RUSH: Dadelut dadelut dadelut dadelut dadelut. We have some global warming news, and here is white satirist Paul Shanklin as Algore.

(Playing of Ball of Fire.)

One more time there, Algore, let ‘er rip.

(Continued playing of song.)

That’s former vice president Algore portrayed vocally by white satirist Paul Shanklin. This is pretty big news here. The NASA administrator, Michael Griffin, I don’t know if this guy is a dittohead or not, but if not, he could be. He appeared on National Republican Radio — you know the libs are starting to call it that? They think NPR has gone right, it’s getting less bold on the left. Some guy somewhere called it National Republican Radio. Where was that, Salon.com I think. My memory is vague, but anyway, Michael Griffin, NASA administrator appeared on NPR and he told them that while he has no doubt that a trend of global warming exists, quote, ‘I’m not sure it’s fair to say it’s a problem we have to wrestle with.’ In an interview with NPR’s Steve Inskeep that aired today, administrator Griffin said, ‘I guess I would ask which human beings – where and when – are to be accorded the privilege of deciding that this particular climate that we have right here today, right now is the best climate for all other human beings. I think that’s a rather arrogant position for people to take.’
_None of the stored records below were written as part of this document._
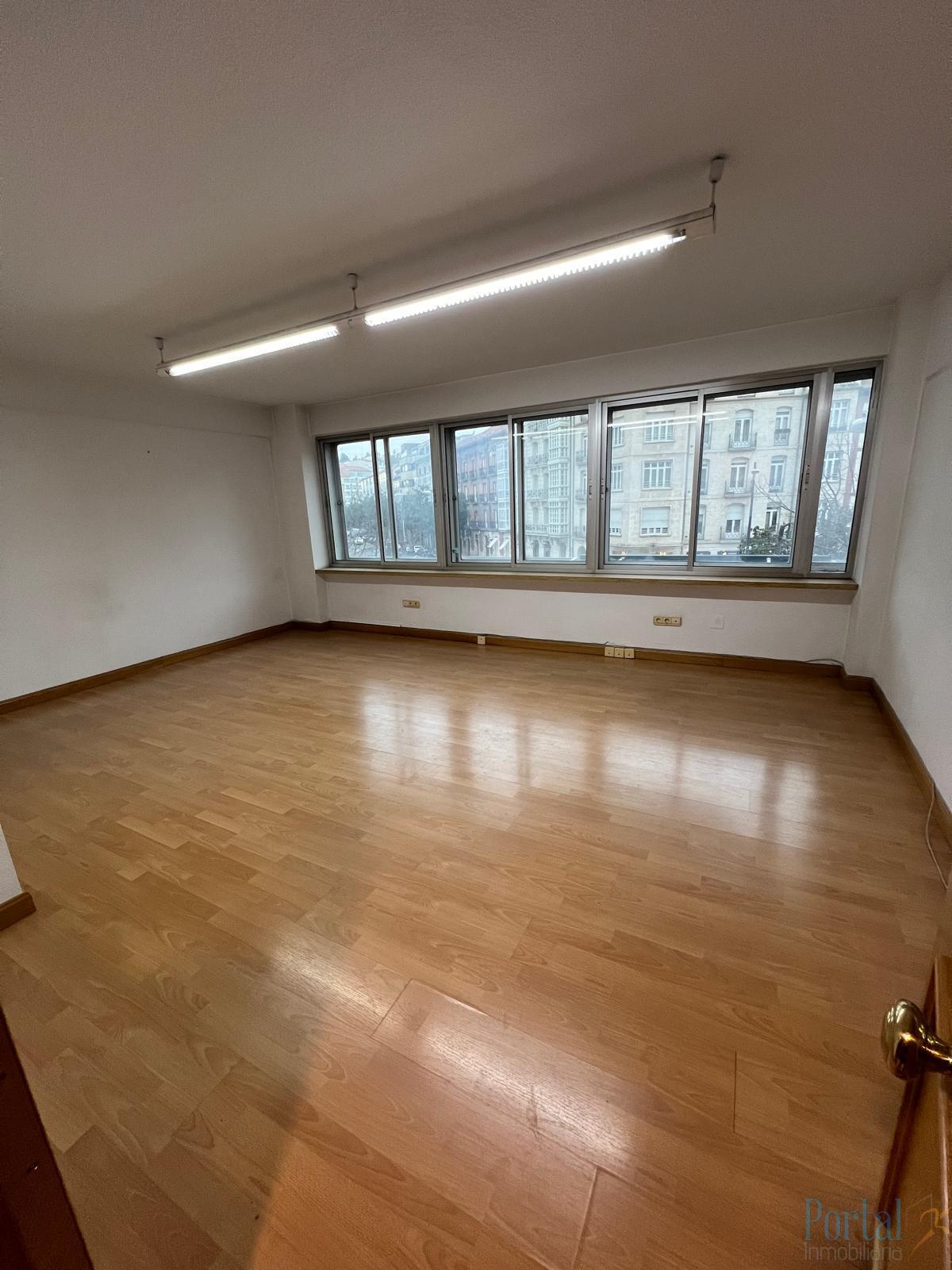 For rent of office in Burgos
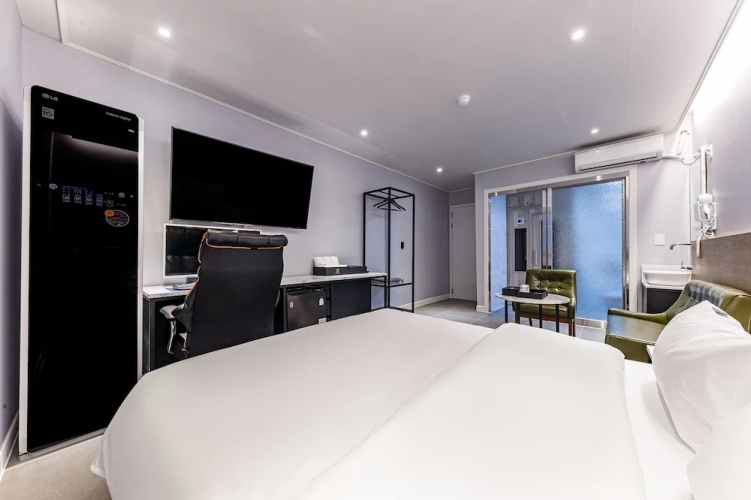 Rest Hotel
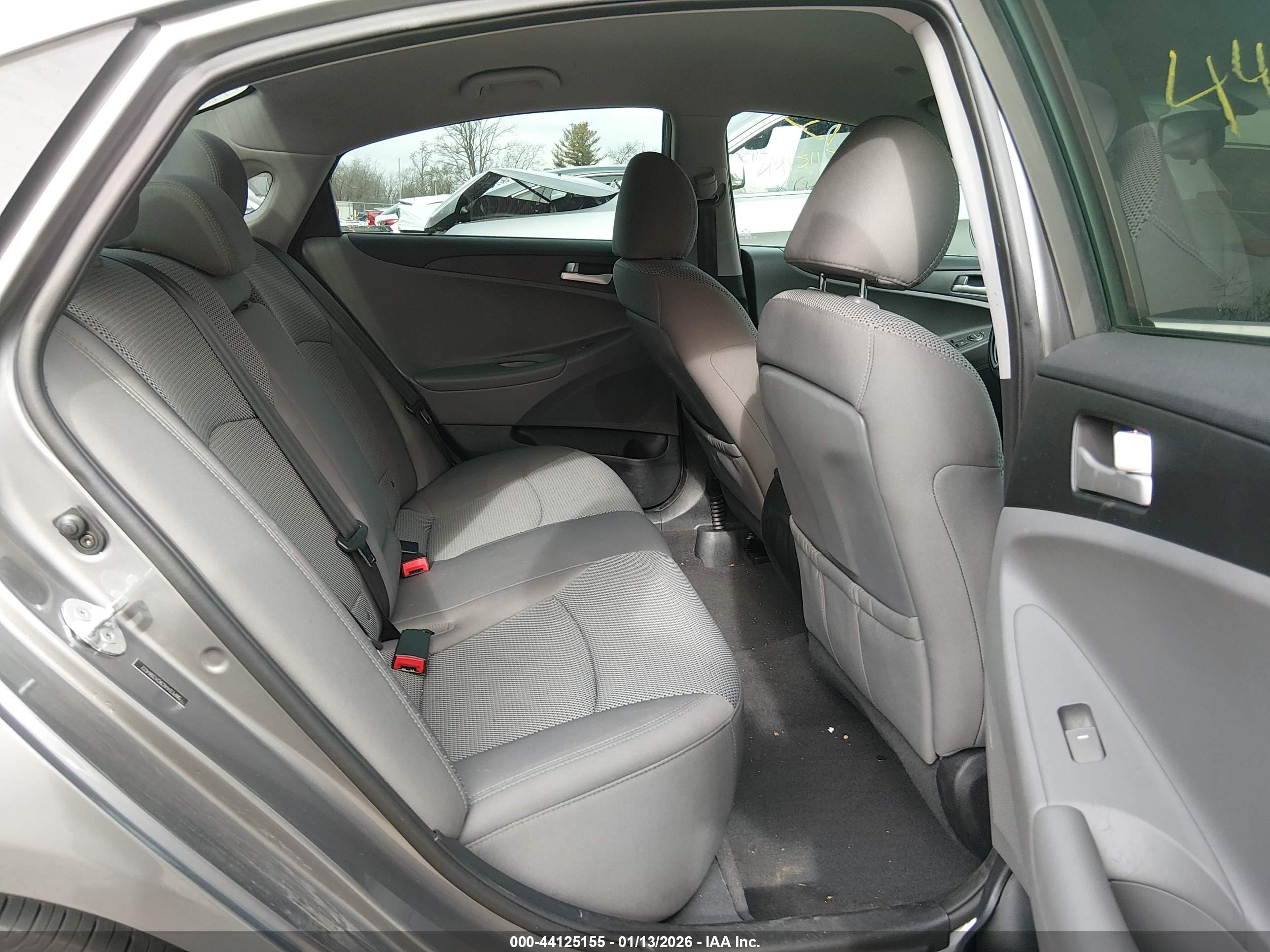 HYUNDAI SONATA image 8
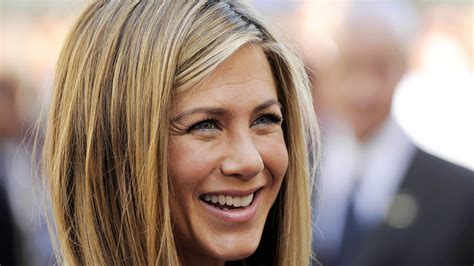 Charming Smile Of Jennifer Aniston 4K HD Jennifer Aniston Wallpapers ...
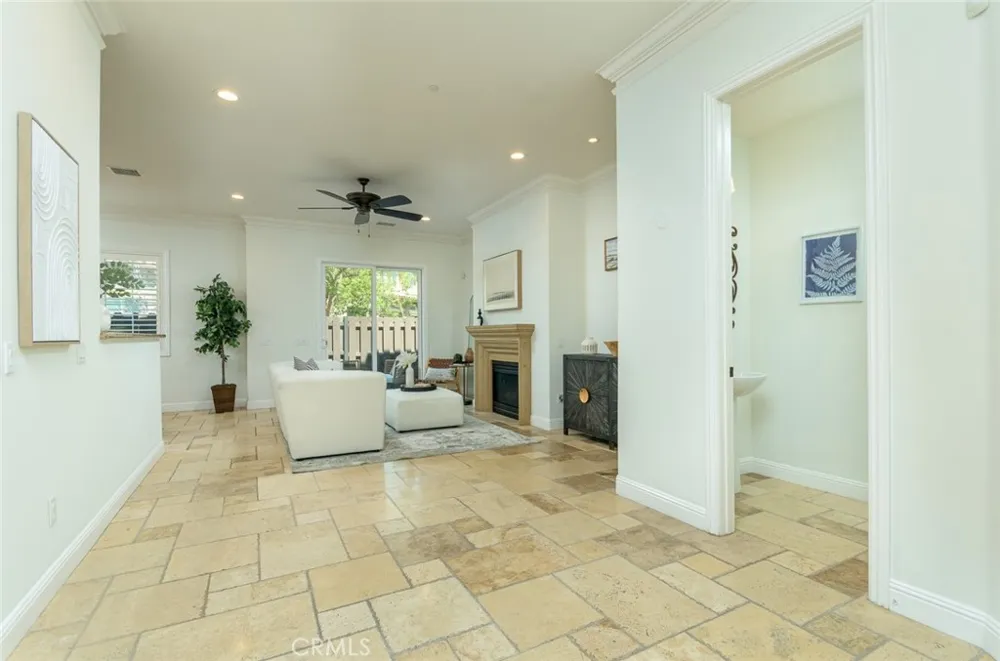 21929 Cortina Chatsworth, CA 91311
That is a brilliant point. As long as the Earth has been around, billions and billions of years, who are we to say that the way it is right now is perfection for everybody on the planet. This drills one of the biggest holes in the whole hoax of global warming that there is. The vanity, the assumption that the Earth as it is now is precisely perfect, has been, should be, and that any change from this point is bad and that we are causing it, how do we know that the so-called perfect climate of the Earth is now, for all the people of the planet? How do we know that the climate 30 years ago or a hundred years ago — the point is, there is no perfect climate because it’s always changing. The Earth is constantly heating and cooling. To arbitrarily say, ‘Today,’ when we have this political/religious issue that we’re trying to infuse everybody’s minds with, ‘this is perfect, any change from here is bad,’ when nobody can possibly know this.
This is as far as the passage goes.